- Source material -
* * * * * * * * *
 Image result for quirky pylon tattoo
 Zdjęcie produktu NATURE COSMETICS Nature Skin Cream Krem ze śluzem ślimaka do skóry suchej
* * * * * * * * *
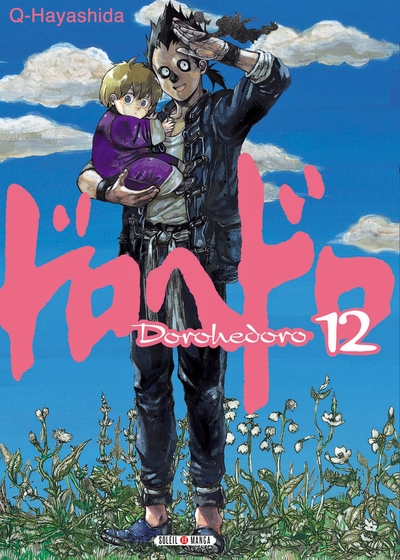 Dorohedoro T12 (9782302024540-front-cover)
* * * * * * * * *
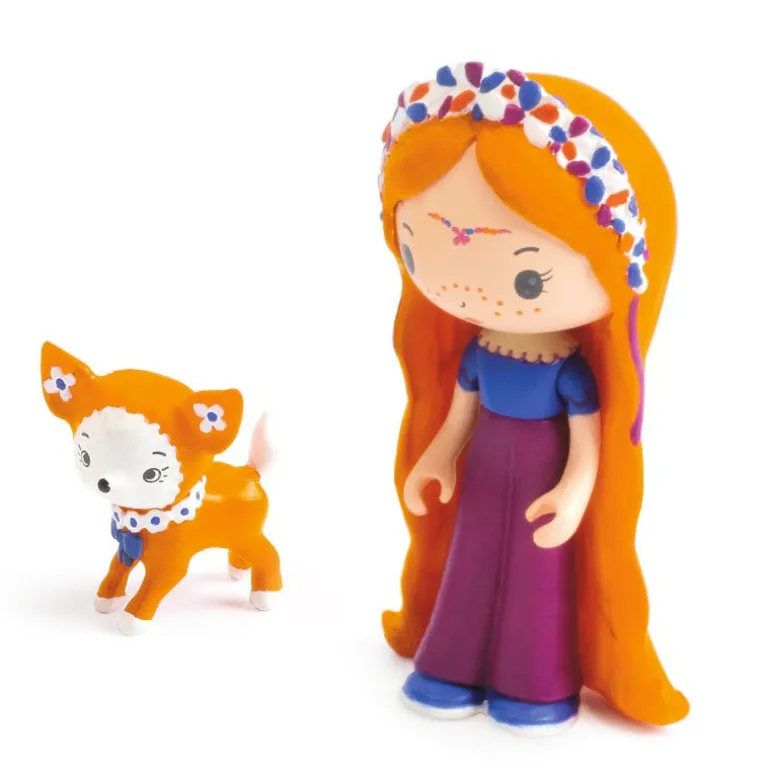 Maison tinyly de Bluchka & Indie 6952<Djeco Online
* * * * * * * * *
Repeat exactly the lines above from the one with "Image result for quirky pylon tattoo" up to and including the one with "Zdjęcie produktu NATURE". No other line belongs in the reply.

- Result of this exercise -
 Image result for quirky pylon tattoo
 Zdjęcie produktu NATURE COSMETICS Nature Skin Cream Krem ze śluzem ślimaka do skóry suchej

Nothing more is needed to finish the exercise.